What you will do |
Output all of the data below without changing a word, and exclude the pictures.

Information provided |
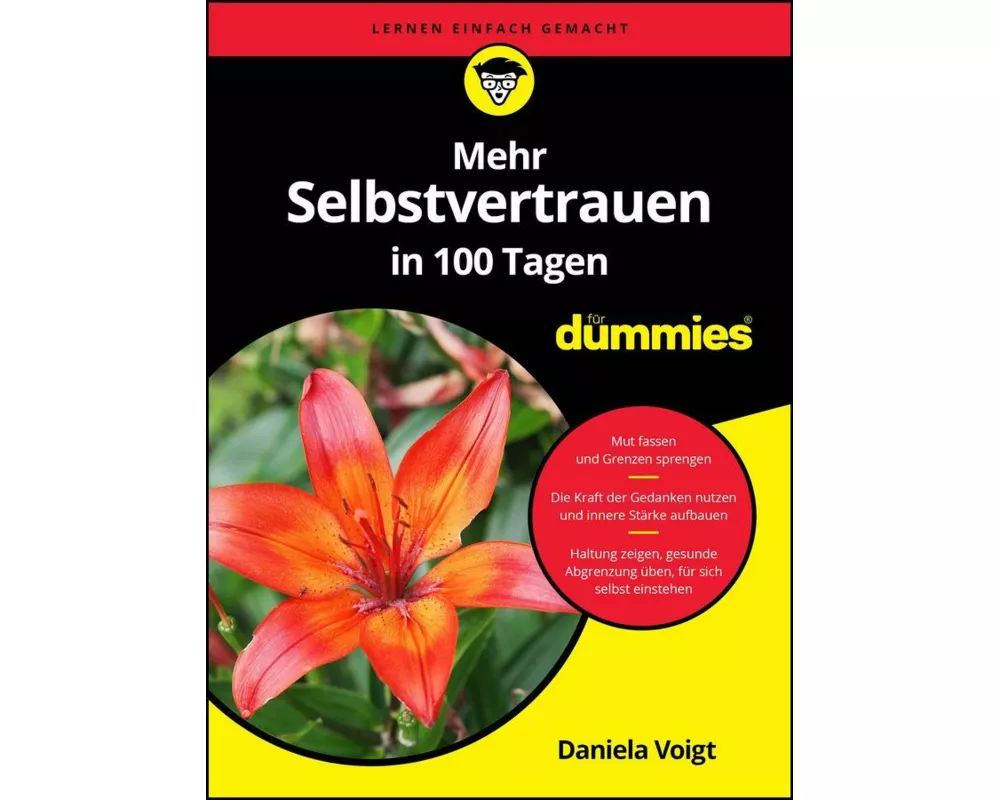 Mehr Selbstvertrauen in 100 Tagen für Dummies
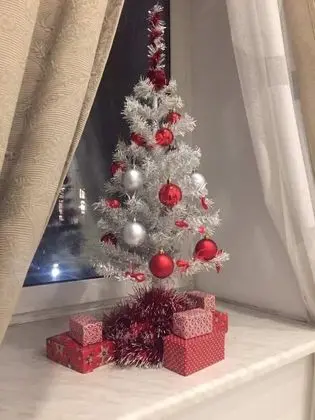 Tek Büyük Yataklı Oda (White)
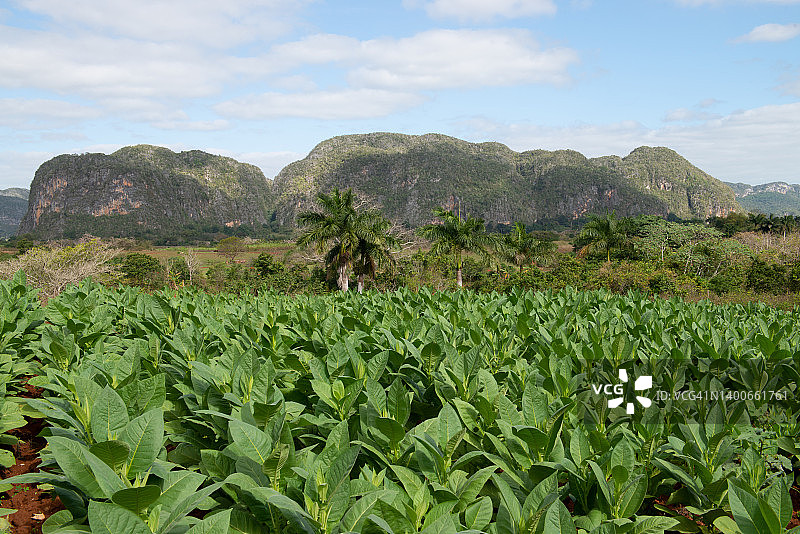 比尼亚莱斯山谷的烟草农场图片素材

Completed exercise |
 Mehr Selbstvertrauen in 100 Tagen für Dummies
 Tek Büyük Yataklı Oda (White)
 比尼亚莱斯山谷的烟草农场图片素材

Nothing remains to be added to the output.